Fonterra Divests Mainland and Anchor Brands in $4.22 Billion Deal
Fonterra Co-operative Group has announced the sale of its global Consumer brands, including Mainland and Anchor, to French dairy company Lactalis for $4.22 billion. This decision follows overwhelming approval from Fonterra’s farmer shareholders, with 88.47% voting in favor of the sale. The transaction represents a strategic refocus towards Fonterra's core strengths in high-margin ingredients and foodservice sectors.
The sale is the most significant structural change for Fonterra in its 23-year history. The divestment aims to simplify the business and concentrate on areas that offer high returns, such as specialized ingredients and profitable foodservice channels. The Consumer division, previously viewed as underperforming, will be handed over to Lactalis, although Fonterra will continue to supply raw milk and ingredients under a long-term agreement.
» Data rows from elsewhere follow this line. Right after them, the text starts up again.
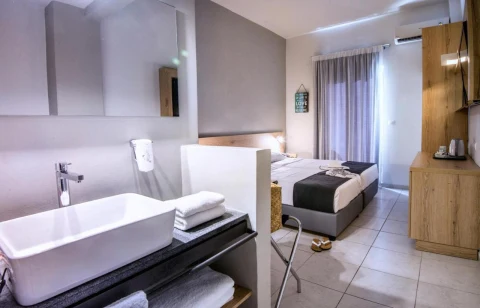 Oferta Hotel Zeus Hotels Neptuno Beach – zdjęcie 4
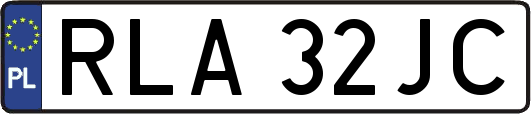 RLA32JC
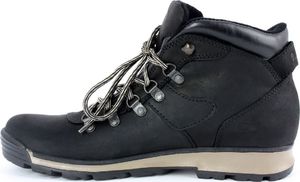 Lesta Trapery Lesta 6440 czarny ocieplane 44 5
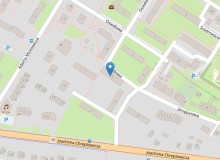 Mieszkanie w miejscowości Augustów, Osiedlowa 4/25 (podlaskie). Mieszkania. Osiedlowa 4/25, 16-300, Augustów, (woj. podlaskie)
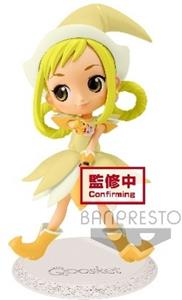 Banpresto Magical Doremi Qposket - Momoko Asuka (Versie B)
This agreement includes a provision for a tax-free capital return of $2 per share, totaling approximately $3.2 billion to be distributed to shareholders. This financial benefit is intended to enable farmers to reinject capital into their businesses. Despite the transfer of well-known brands, New Zealand's milk will still play a role in the products through the deal with Lactalis.
Critics, such as Winston Peters, have expressed concerns about the limited guarantee provided by the agreement, which includes a 10-year term with a three-year termination notice starting after the first three years. They argue that this could diminish New Zealand's capability to add value to its dairy products, effectively outsourcing this potential to a foreign entity.
The transaction, expected to finalize in the first half of 2026, will streamline Fonterra into a business-to-business dairy nutrition provider. The co-operative will now focus on maximizing the return from its grass-fed New Zealand milk, which is highly valued worldwide.